При кажущейся прозрачности, вопрос о свободе выбора исключительно сложен. Сразу оговоримся, что хотелось бы избежать поверхностного подхода к проблеме, ибо как раз он и характерен для обывателей – когда человек просто не задумывается и, как следствие, не видит проблему во всей ее глубине. Если у них и имеется какое-то мнение, то чаще всего оно представлено как квинтэссенция практического опыта, лишено сколько-нибудь серьезного, рационального обоснования. Чему нередко сопутствует достаточно высокомерное и агрессивное отношение к любому, кто силой своего разума способен поставить под сомнение их убеждение. Вот примеры. Олвин Плантинга: «Для меня это /свобода выбора – Д.П./ одно из естественных человеческих убеждений, наряду с естественными убеждениями в существовании других людей, в существовании внешнего мира и так далее». «Утверждение, будто мои поступки являются либо детерминированными, либо случайными совершенно нелепо /курсив мой – Д.П./» [7;125,127]. Ральф Макинерни: «Комично, когда кто-то вытягивает шею и вопит: «Я считаю, что свобода воли – это иллюзия!». Это одинокий голос в толпе людей, которые прекрасно знают что к чему. Не могу понять, почему мы должны обращать внимание на подобные выкрики, будто они имеют какое-то значение…» [7,133].

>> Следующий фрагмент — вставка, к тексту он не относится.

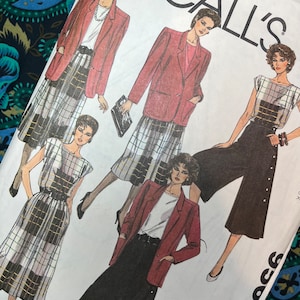 Byst 86 cm Vintage 1980-tals McCalls sömnadsmönster för kvinnor 9561, damjacka, topp, kjol och culottes, SAKNAS ÖGLA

Как вы заметили, в приведенных цитатах практически не содержится аргументации. Только истеричная экспрессия по алгоритму «Я прав, я прав, я знаю, что я прав!!!», наводящая на мысли, что в качестве следующего этапа «обоснования» могут и в глаз заехать. Ну есть у г-на Платинги какое-то убеждение, ради Бога, но нам-то оно к чему? Любое убеждение блокирует разум, так что правильно от убеждений как раз освобождаться, заменяя их осознанными положениями. Другое дело, если бы нам предлагались взвешенные тезисы, основанные на фактах и подкрепленные здоровым рациональным рассуждением, помогающим нам сформировать свою позицию. Именно таким путем мы и постараемся следовать, подходя к вопросу непредвзято и отыскивая осмысленные аргументы. Да и читателю, вероятно, неинтересно выслушивать безапелляционные утверждения – ведь достойный стремится осознать и понять предмет самостоятельно, а не впитывать чужие догмы. Здесь остается лишь добавить, что Ральф Макинерни – профессор истории средневековья, а Олвин Плантинга – профессор философии Нотр-Дамского университета. Странно слышать от них ответы столь низкой философской культуры.